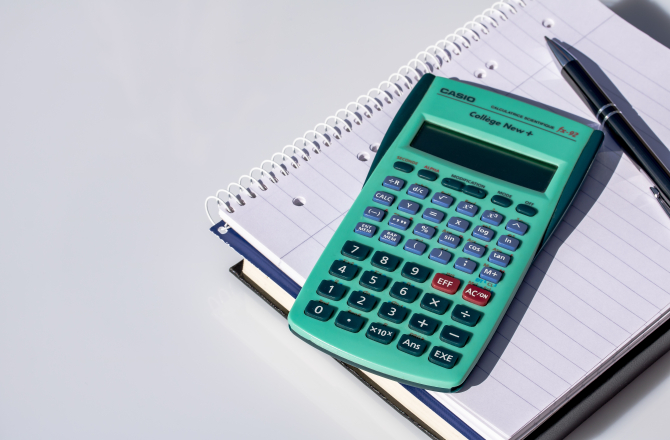 calculator-2391810.jpg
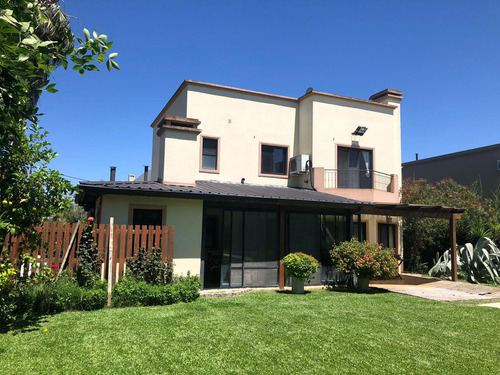 Hermosa Casa De 6 Ambientes En Campo Grande Con Pileta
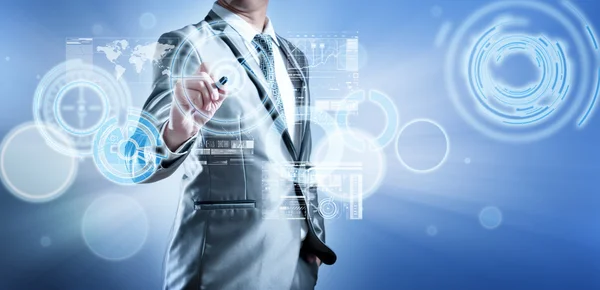 Affärsman i blå grå kostym med digital penna arbetar med di — Stockfoto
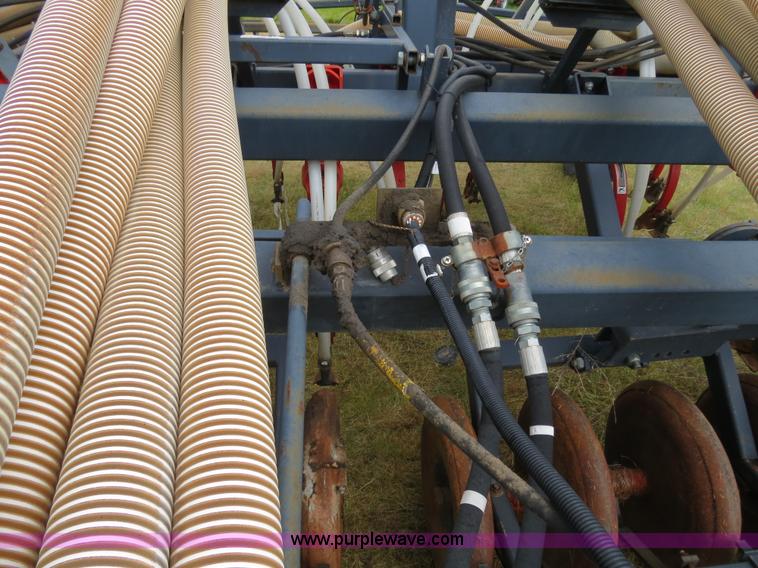 image for item A8630 1995 Flexi-Coil 5000 33' air seeder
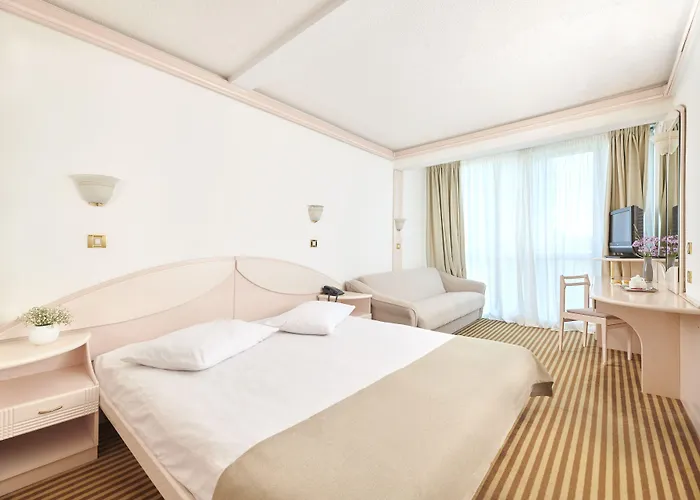 호텔 Zorna Plava Laguna 3*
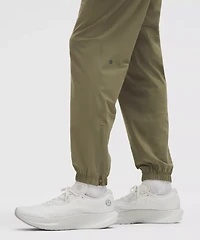 Pace Breaker Jogger *Regular | Men's Joggers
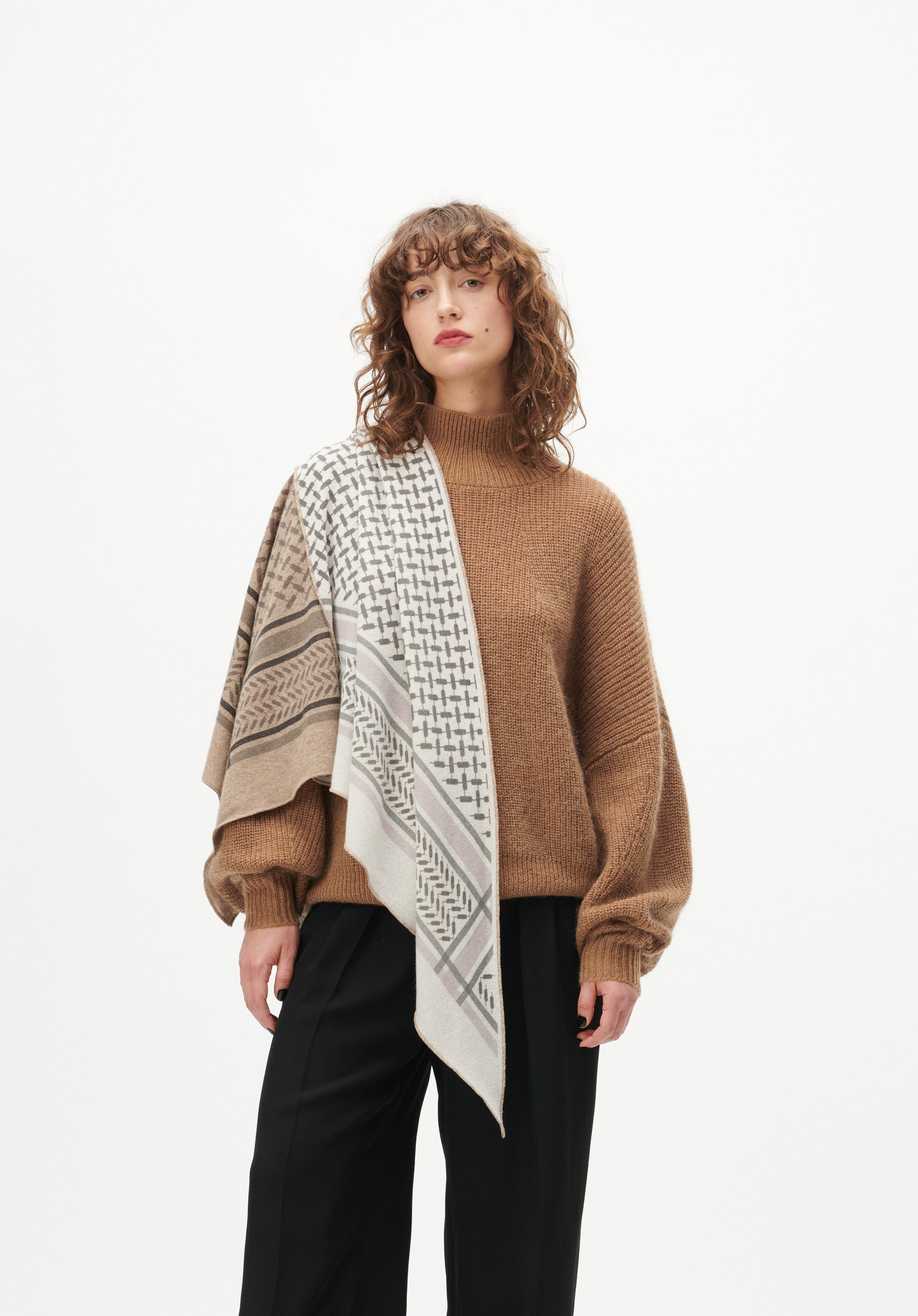 Triangle Patchwork tørklæde - Grey on Foal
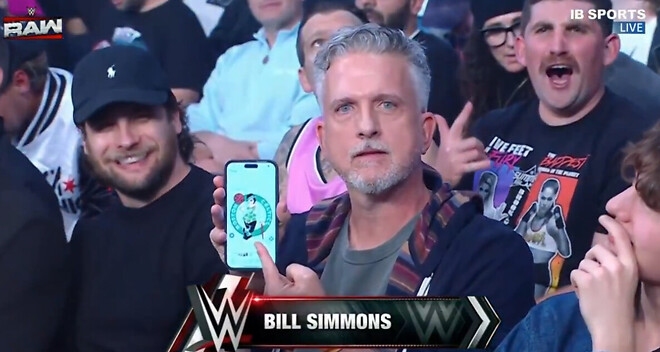 WWE에서 잠깐 나왔던 빌시몬스 기자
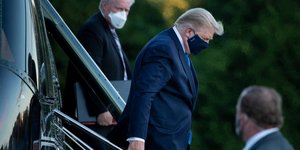 O Τραμπ κατευθύνεται στο νοσοκομείο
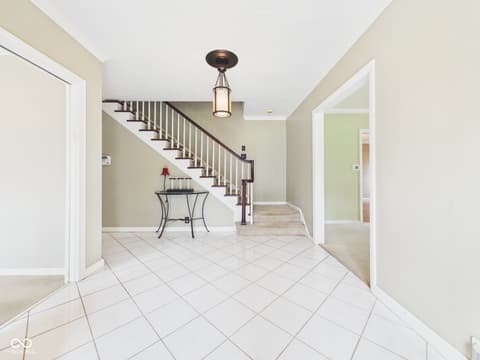 Photo of 1110 Greenway Drive, Anderson, IN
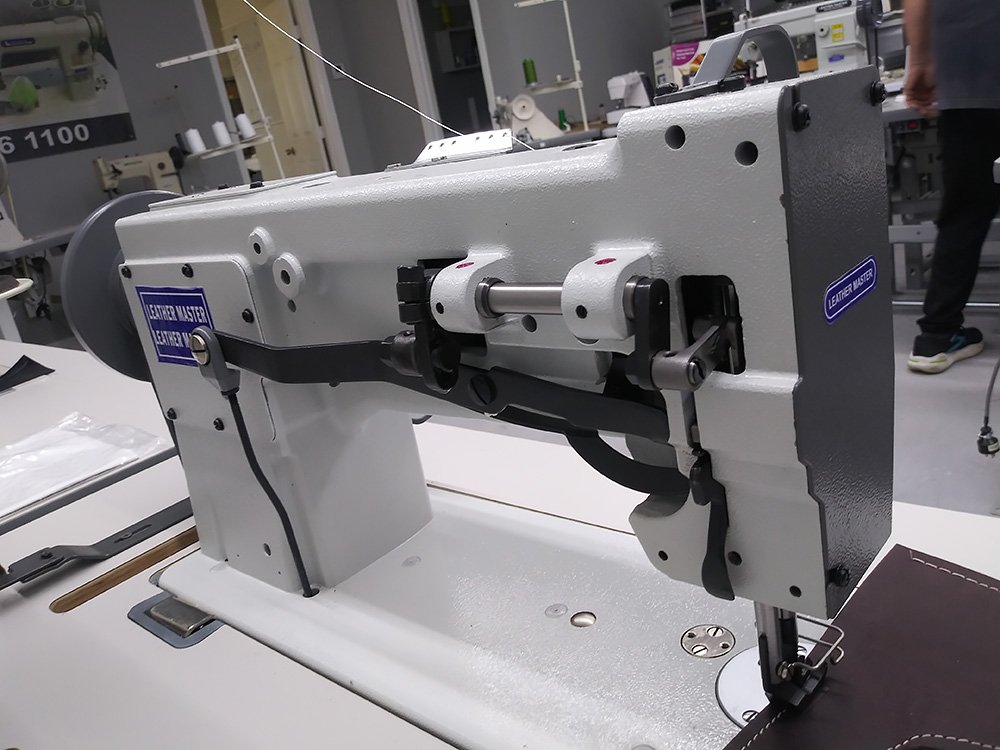 LEATHER MASTER LM618-SC Walking Foot Sewing Machine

What is being asked:
Copy nothing but the lines from the line holding "Hermosa Casa De" through the last line of the entries, exactly, while leaving out the pictures.

Reply:
 Hermosa Casa De 6 Ambientes En Campo Grande Con Pileta
 Affärsman i blå grå kostym med digital penna arbetar med di — Stockfoto
 image for item A8630 1995 Flexi-Coil 5000 33' air seeder
 호텔 Zorna Plava Laguna 3*
 Pace Breaker Jogger *Regular | Men's Joggers
 Triangle Patchwork tørklæde - Grey on Foal
 WWE에서 잠깐 나왔던 빌시몬스 기자
 O Τραμπ κατευθύνεται στο νοσοκομείο
 Photo of 1110 Greenway Drive, Anderson, IN
 LEATHER MASTER LM618-SC Walking Foot Sewing Machine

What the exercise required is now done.